THE TASK = An exact copy of all the data is required, with pictures left out.

※ ※ ※

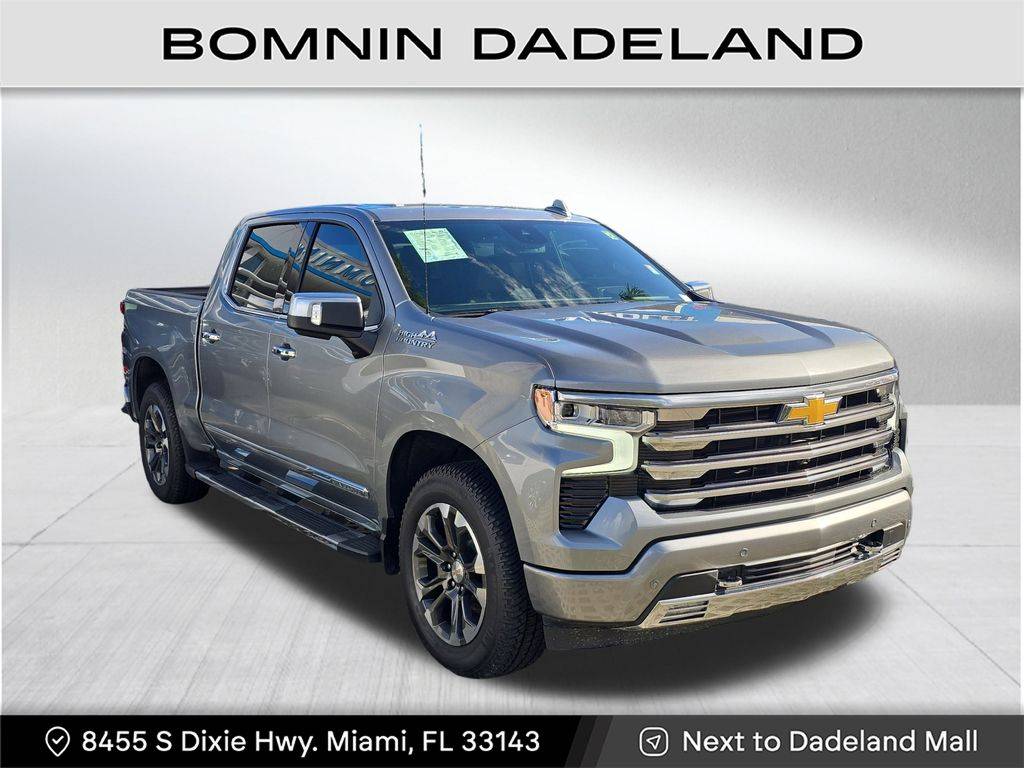 2024 Chevrolet Silverado 1500 High Country — Pickup Truck — 36,447 mi — Miami, FL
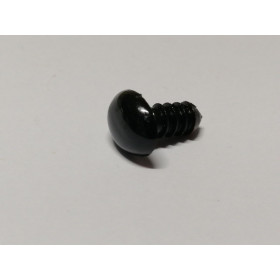 Tiernase 12 mm oval platt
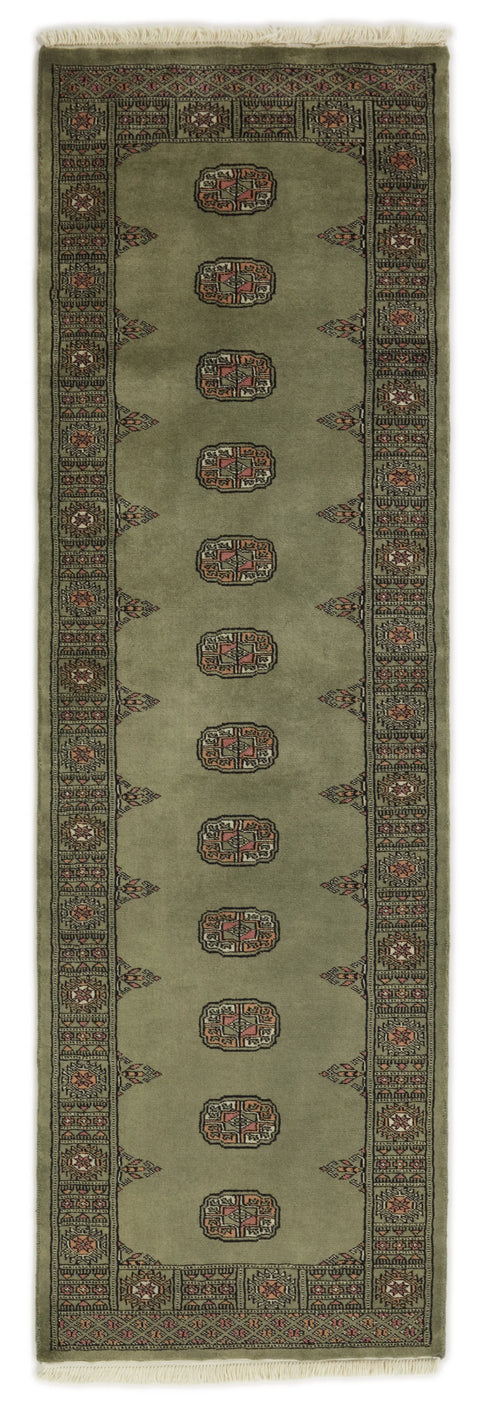 Bokhara Gul Runner 3-ply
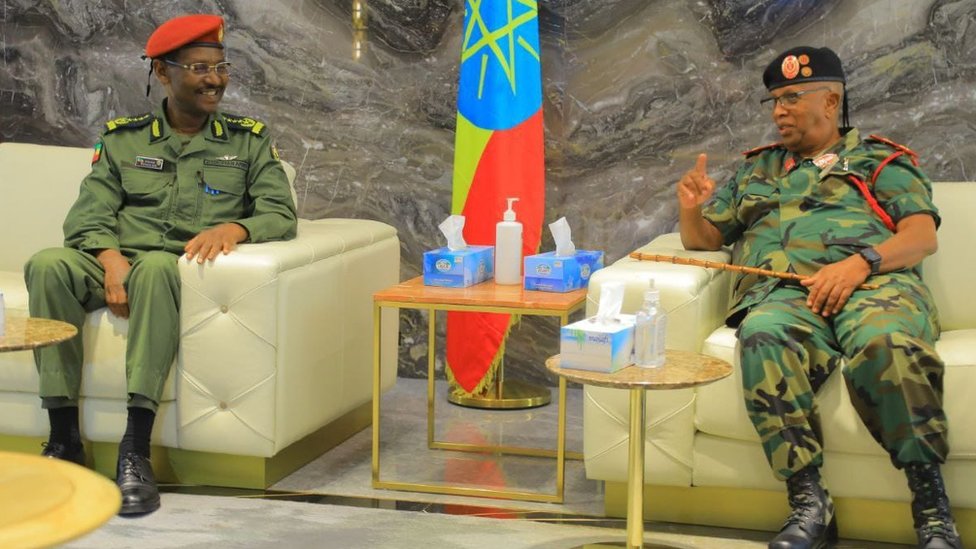 Ethiopia-Somaliland army chiefs meet amid regional tensions Ethiopia-Somaliland army chiefs meet amid regional tensions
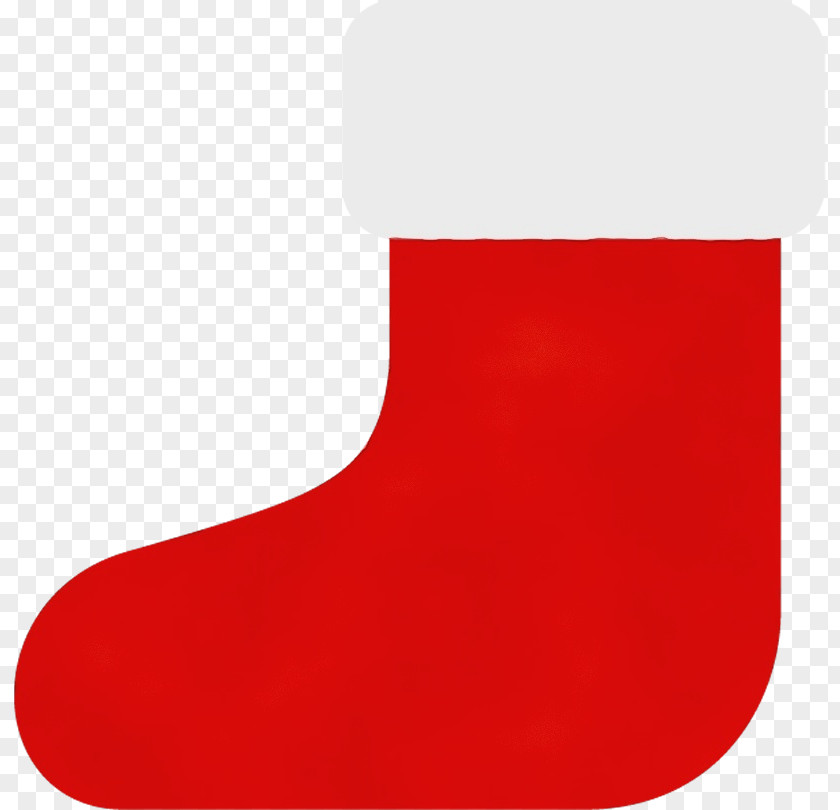 Interior Design Carmine Christmas Stocking PNG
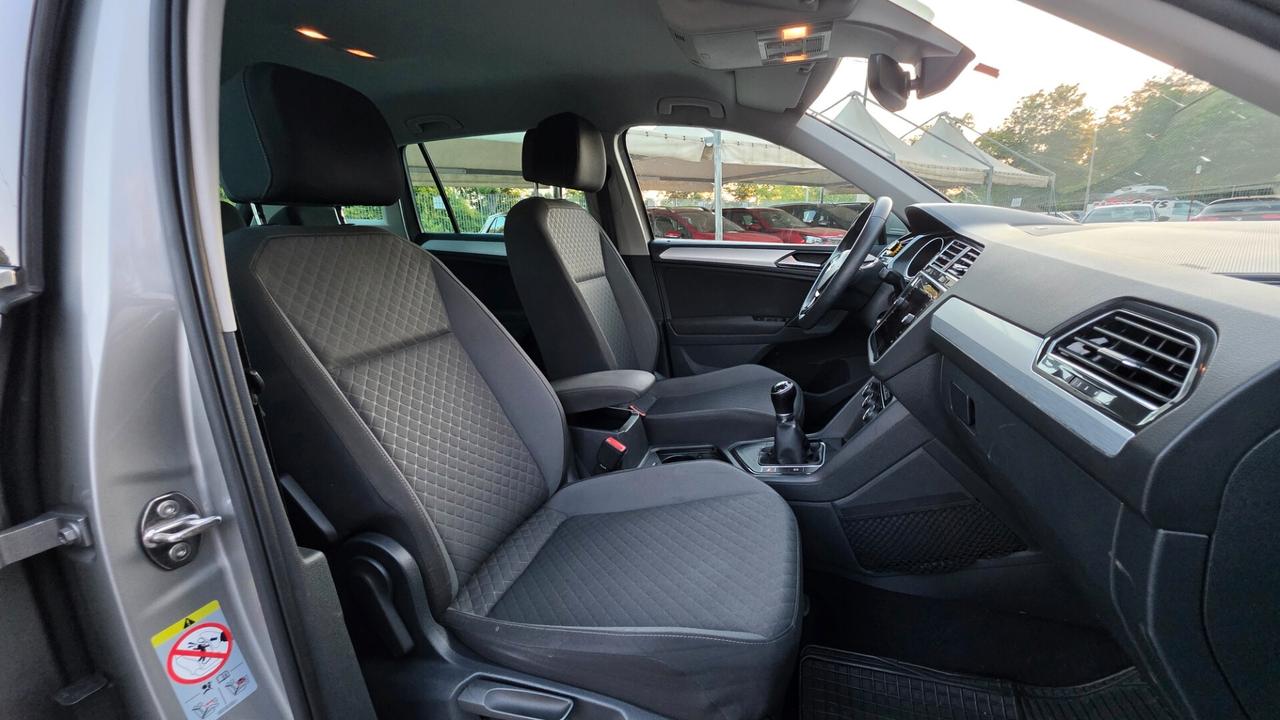 Volkswagen Tiguan 1.6 TDI SCR Business BlueMotion Technology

※ ※ ※

TASK RESULT =
 2024 Chevrolet Silverado 1500 High Country — Pickup Truck — 36,447 mi — Miami, FL
 Tiernase 12 mm oval platt
 Bokhara Gul Runner 3-ply
 Ethiopia-Somaliland army chiefs meet amid regional tensions Ethiopia-Somaliland army chiefs meet amid regional tensions
 Interior Design Carmine Christmas Stocking PNG
 Volkswagen Tiguan 1.6 TDI SCR Business BlueMotion Technology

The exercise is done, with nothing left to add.